Dalam pendekatan geosentris antara markas atau induk dan anak atau cabang perlu bersatu ?
dengan cara apapun ? untuk menghapus bias polarisasi antara negara asal dan negara tuan
rumah. Oleh karena itu orientasi geosentrisme adalah suatu gagasan yang lebih dari sekedar
transnasional atau multinasional semata. Intinya adalah bahwa tidak boleh adanya hambatan
eksplisit antara kantor pusat dan anak perusahaan di negara lain. Semua organisasi dapat
disetarakan sebagai organisme global dengan organ yang sama istimewanya yang tersebar di
berbagai negara. Tentu saja, faktor-faktor seperti standar tenaga kerja, selera dan preferensi
pelanggan, berbeda secara signifikan di antara berbagai negara. Wiktor et al. (2008)
berpendapat, bahwa esensi dari strategi geosentris adalah sebuah pendekatan yang seragam
bagi semua pasar nasional, sebagai pasar global, terlepas dari perbedaan sosial dan ekonomi
tertentu di antara berbagai negara. Pendek kata, semua pasar nasional diperlakukan dengan
cara yang sama sebagai segmen pasar global.
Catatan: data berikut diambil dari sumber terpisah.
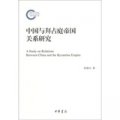 國家社科基金後期資助項目：中國與拜占庭帝國關係研究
Namun demikian, sebagaimana ditekankan oleh Bartlett dan Beamish (2010), bahwa orientasi
geosentris bagaimanapun merupakan kebutuhan tak terelakkan bagi setiap organisasi yang
beroperasi pada pasar berskala terbesar di dunia. Orientasi tersebut seyogyanya dilaksanakan,
meskipun prioritas tidak hanya difokuskan pada pencapaian keberhasilan pasar semata,
paling tidak untuk sementara saja. Hal yang tak kalah pentingnya adalah bagaimana
mempertahankan kehadiran di pasar dan menjaga stabilisasi jangka panjang. Namun
demikian Bartlett dan Beamish (2010) berpendapat, alasan bahwa organisasi yang beroperasi
di pasar global masih memilih orientasi polisentris atau regiosentris, dan bahkan etnosentris,
memiliki argumen yang masuk akal juga, namun bahwa para manajer papan atas mereka
telah memiliki visi global. Bagimanapun orientasi geosentris adalah karakteristik dari
organisasi bisnis transnasional berskala besar, yang melakukan bisnis di arena pasar dunia
(Wiktor et al., 2008). Organisasi yang memilih orientasi geosentris telah memiliki landasan
penelitian dan argumen pengambilan keputusan yang mendalam, dan tidak semata-mata
didasarkan pada asumsi yang kaku dan sembarangan, kesemuanya merupakan hasil dari
proses yang berkesinambungan dari suatu riset pasar. Karenanya karakteristik geosentrik ini
adalah salah satu fitur kunci yang membedakan orientasi geosentris dari pendekatan lainnya.